Twitter sent out a very strange email to all of its users over night about a few important changes the company is making, including the switch to OAuth that broke many users’ third party Twitter apps yesterday.
What makes the email so strange?
It refers to the changes as happening “over the coming weeks,” and talks about August 31 as a date in the future. We received the email after 5 am today, September 2, and we can’t find reports of anyone getting it more than a few hours ago.
Why does this matter?
Aside from simply being weird, the timing is a big deal because when Twitter switched to requiring OAuth, any third-party app that wasn’t equipped for this simply stopped working, often without explanation. The change has been in the works for a long time now, so all major app developers had released versions of their products that handled the change without an issue, but users who hadn’t updated their apps, including our own Henry Blodget, were confused and angry.
We’ve asked Twitter for a clarification on the timing of the email.
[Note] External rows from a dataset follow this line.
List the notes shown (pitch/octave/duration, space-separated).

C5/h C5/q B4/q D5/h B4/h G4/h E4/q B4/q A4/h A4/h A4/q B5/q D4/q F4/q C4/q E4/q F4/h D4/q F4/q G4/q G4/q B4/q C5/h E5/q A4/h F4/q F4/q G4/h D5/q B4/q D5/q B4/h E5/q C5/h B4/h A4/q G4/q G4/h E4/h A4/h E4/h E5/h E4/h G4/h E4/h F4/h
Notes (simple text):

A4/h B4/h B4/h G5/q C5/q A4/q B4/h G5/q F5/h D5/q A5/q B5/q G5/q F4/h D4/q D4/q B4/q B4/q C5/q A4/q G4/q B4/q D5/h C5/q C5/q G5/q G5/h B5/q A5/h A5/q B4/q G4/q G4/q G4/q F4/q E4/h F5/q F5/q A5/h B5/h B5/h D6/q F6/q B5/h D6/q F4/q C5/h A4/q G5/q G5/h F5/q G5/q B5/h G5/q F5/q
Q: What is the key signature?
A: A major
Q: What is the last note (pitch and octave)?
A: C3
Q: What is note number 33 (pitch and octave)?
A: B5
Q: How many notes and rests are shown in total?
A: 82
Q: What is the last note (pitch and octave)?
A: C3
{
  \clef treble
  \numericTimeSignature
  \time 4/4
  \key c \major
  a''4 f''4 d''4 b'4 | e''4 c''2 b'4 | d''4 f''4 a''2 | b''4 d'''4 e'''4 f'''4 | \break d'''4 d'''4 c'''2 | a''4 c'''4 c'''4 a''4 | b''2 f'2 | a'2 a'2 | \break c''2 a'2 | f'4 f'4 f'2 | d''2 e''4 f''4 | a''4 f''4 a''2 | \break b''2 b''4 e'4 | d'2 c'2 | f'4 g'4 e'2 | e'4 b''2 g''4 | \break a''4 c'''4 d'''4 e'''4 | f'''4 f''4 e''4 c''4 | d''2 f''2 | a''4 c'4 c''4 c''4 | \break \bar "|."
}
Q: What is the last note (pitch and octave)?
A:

The other announcement is also old news to those that read the company’s blog, but presumably new to most users: Twitter will be wrapping all links posted through the service with links from its own t.co domain. On mobile devices, users will see shortened t.co links, much like the third-party shortened (think bit.ly) links you see on Twitter now. Users on computers will see the full, original domain name of the link, and a shortened version of the rest of the URL, so they know if they are clicking on a trusted site. Only the shortened version of the link will count against the user’s 140 character limit.
That means three things:
- Twitter will be able to track all links and clicks through its service, allowing to offer — and charge for — analytics.
- Using generic third-party URL shorteners will still work, but will be counter-productive. Twitter will rewrap the links, so both it and the third-party will be able to track it. But it will be displayed as shortened gibberish, which will no longer be necessary.
That’s not an immediate deal-breaker for shorteners, like bit.ly, that make their real money providing branded shorteners to publishers, since users will still know what they are clicking on when they see, say, our read.bi links. But the value of them will certainly be diminished, and Twitter could soon be competing directly with them providing link tracking analytics.
The new t.co links will start rolling out in the coming weeks, and are expected to hit all users by the end of the year.